Various Studies and Experts in Machine Learning / building Predictive Models suggest that about two-thirds of the effort needs to be dedicated to Data Understanding and Data Pre-processing Stages. The purpose of this blog is to cover the two techniques i.e. Anomaly Detection and Outlier Detection, that are used during the Data Understanding and Data Pre-processing stages.
Anomaly Detection is also a task on its own. Anomaly detection finds extensive use in a wide variety of applications such as fraud detection for credit cards, insurance or health care, intrusion detection for cyber-security, fault detection in safety critical systems, and military surveillance for enemy activities
Before we dwell deeper into the these techniques, let us briefly familiarize ourselves with the concepts of “Anomalies” and “Outliers”.
Anomaly and Anomaly Detection:
In Data Science, Anomalies are referred to as data points (usually referred to multiple points), which do not conform to an expected pattern of the other items in the data set. Anomalies are referred to as a different distribution that occurs within a distribution. Anomalies in data translate to signiﬁcant (and often critical) actionable information in a wide variety of application domains.
Technically, this would happen when the observations or data-points are from a mixture of more than one distribution. This distribution (referring to the distribution of anomalous items in the data set) calls for more attention or investigation — usually signalling a change in the underlying conditions.
Anomalies might be induced in the data for a variety of reasons, such as malicious activity, e.g., credit card fraud, cyber-intrusion, terrorist activity or breakdown of a system, but all of the reasons have a common characteristic that they are interesting to the analyst. The “interestingness” or real life relevance of anomalies is a key feature of anomaly detection.
Anomaly detection refers to the problem of finding patterns in data that do not conform to expected behaviour. The importance of anomaly detection is due to the fact that anomalies in data translate to significant (and often critical) actionable information in a wide variety of application domains.
In popular parlance, Anomaly detection finds extensive use in a wide variety of applications such as fraud detection for credit cards, insurance or health care, intrusion detection for cyber-security, fault detection in safety critical systems, and military surveillance for enemy activities.
Outlier and Outlier Detection:
An Outlier is a rare chance of occurrence within a given data set. In Data Science, an Outlier is an observation point that is distant from other observations. An Outlier may be due to variability in the measurement or it may indicate experimental error.
Outliers, being the most extreme observations, may include the sample maximum or sample minimum, or both, depending on whether they are extremely high or low. However, the sample maximum and minimum are not always outliers because they may not be unusually far from other observations.
Below is a simplistic representation of an Outlier:
While Outliers, are attributed to a rare chance and may not necessarily be fully explainable, Outliers in data can distort predictions and affect the accuracy, if you don’t detect and handle them.
The contentious decision to consider or discard an outlier needs to be taken at the time of building the model. Outliers can drastically bias/change the fit estimates and predictions. It is left to the best judgement of the analyst to decide whether treating outliers is necessary and how to go about it.
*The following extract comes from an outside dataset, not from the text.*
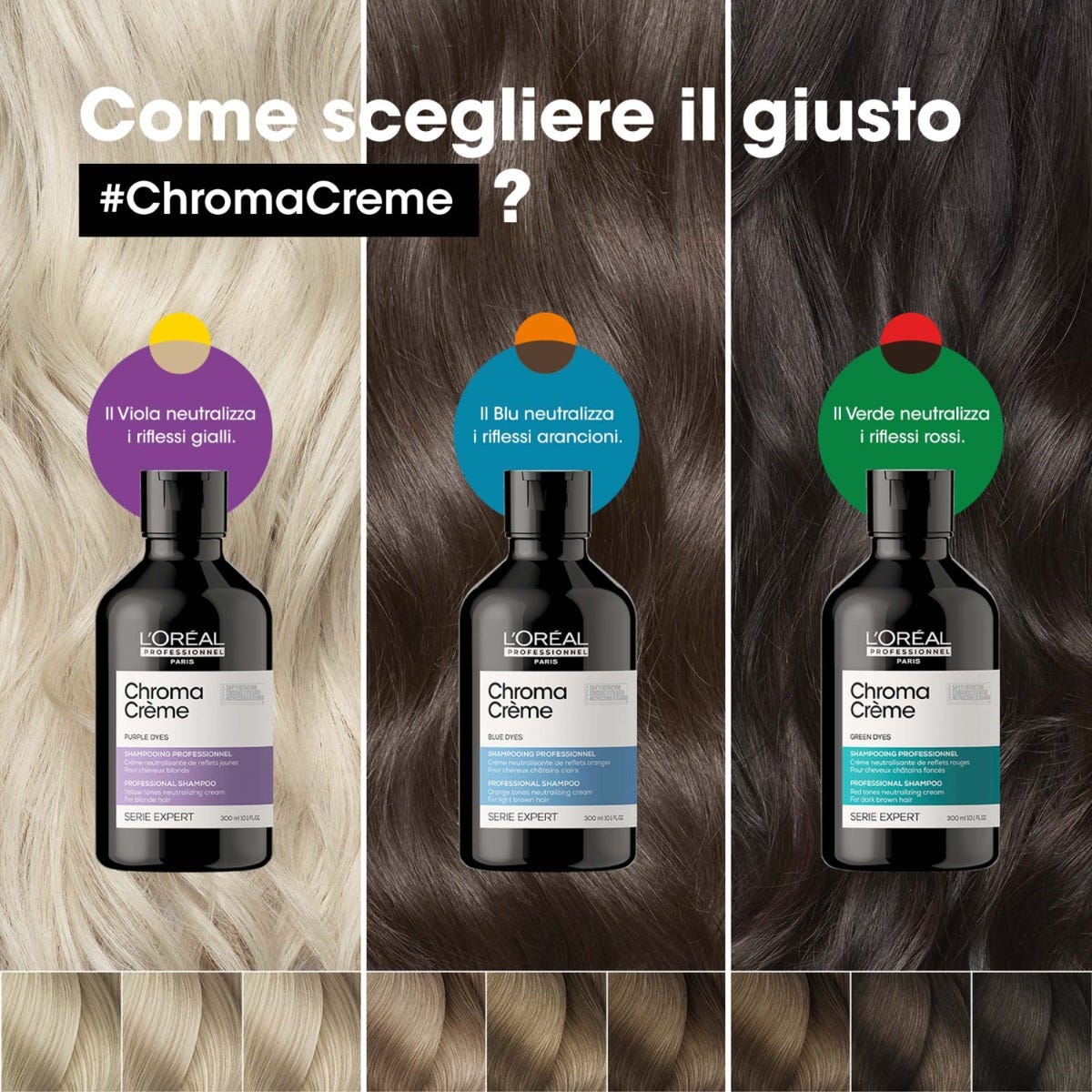 Chroma Creme - Shampoo Viola per i capelli biondi a biondi platino 300ml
Treating or altering the outlier/extreme values in genuine observations is not a standard operating procedure. If a data point (or points) is excluded from the data analysis, this should be clearly stated on any subsequent report.
Is Anomaly Detection “more than what meets the eye”? :
Anomalies are patterns of different data within given data, whereas Outliers would be merely extreme data points within data. If not aggregated appropriately, anomalies may be neglected as outliers.
Anomalies could be explained by few features (may be new features). Through Anomaly Detection, understanding the pattern of anomalies, may lead to new findings (a new different model) or also, lead to new features that can be introduced in the existing model.
The outlier challenge is one of the earliest of statistical interests, and since nearly all data sets contain outliers of varying percentages, it continues to be one of the most important. Sometimes outliers can grossly distort the statistical analysis, at other times their inﬂuence may not be as noticeable. Statisticians have accordingly developed numerous algorithms for the detection and treatment of outliers, but most of these methods were developed for univariate data sets.
A univariate outlier is a data point that consists of an extreme value on one variable. Some of the Univariate Outlier Detection Techniques popularly used are “The Box Plot Rule”, Grubbs Test.
Declaring an observation as an outlier based on a just one (rather unimportant) feature could lead to unrealistic inferences. When you have to decide if an individual entity (represented by row or observation) is an extreme value or not, it better to collectively consider the features (X’s) that matter.
A multivariate outlier is a combination of unusual scores on at least two variables. Some of the Multivariate Outlier Detection Techniques popularly used are the Mahalanobis Distance, Cook’s Distance, etc.
Outlier Detection, on the other hand, leads to improving the model accuracy through treatment of outliers.